The Username and Password (and URL) is found by clicking on service credentials and then “view credential”, and copy/paste credentials below: 

In [306]:
credentials_stt = {
}


In [318]:
# The code was removed by DSX for sharing.

In [319]:
# The code was removed by DSX for sharing.

### Set up Object Storage

In [320]:
def set_up_object_storage(credentials_object_storage):
    endpoints = requests.get(credentials_object_storage['endpoints']).json()

    iam_host = (endpoints['identity-endpoints']['iam-token'])
    cos_host = (endpoints['service-endpoints']['cross-region']['us']['public']['us-geo'])

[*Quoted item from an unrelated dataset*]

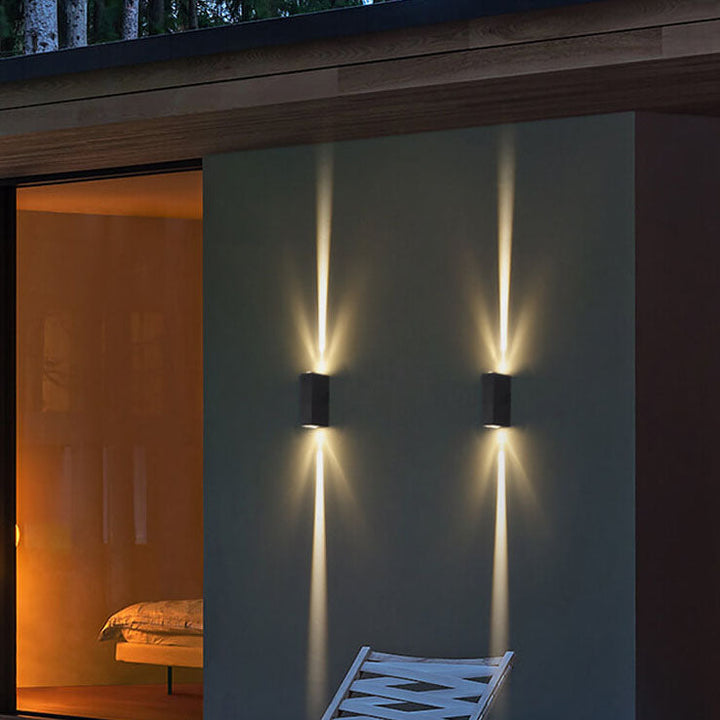 Minimalist Rectangular Aluminum LED Outdoor Wall Light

    auth_endpoint = "https://" + iam_host + "/oidc/token"
    service_endpoint = "https://" + cos_host


    client = ibm_boto3.client(
        's3',
        ibm_api_key_id = credentials_object_storage['apikey'],
        ibm_service_instance_id = credentials_object_storage['resource_instance_id'],
        ibm_auth_endpoint = auth_endpoint,
        config = Config(signature_version='oauth'),
        endpoint_url = service_endpoint
       )
    return client

client = set_up_object_storage(credentials_os)
client_global = set_up_object_storage(credentials_audio_samples)



## Speect to Text 

Following cell has two methods:
 - `get_transcript()` calls speech to text enpoint and generates a text transcript for you for a sample audio file.
 - `analyze_sample()` gets the sample object from cloud storage, calls get_transcript to fetch the tranccript, and saves your transcript in cloud storage as `<file_name>_text.json`.
 
OGG, WAV FLAC, L16, MP3, MPEG formats are options for the IBM Watson STT service.  For the lab we use OGG samples. 

In [321]:
#STT

import json
import io
from os.path import join, dirname
from watson_developer_cloud import SpeechToTextV1

speech_to_text = SpeechToTextV1(
    username = credentials_stt['username'],
    password = credentials_stt['password'],
    url = 'https://stream.watsonplatform.net/speech-to-text/api',
)


# OGG, WAV FLAC, L16, MP3, MPEG formats are options for the STT service 
# with Narrowband (generaly telco) and Broadband (e.g. higher quality USB mic) audio.  
# For the LAB – OGG format was used for sample files in lab. Of other audio formats e.g. WAV - remember to change 'OGG' content_type='audio/ogg' in code below if you do.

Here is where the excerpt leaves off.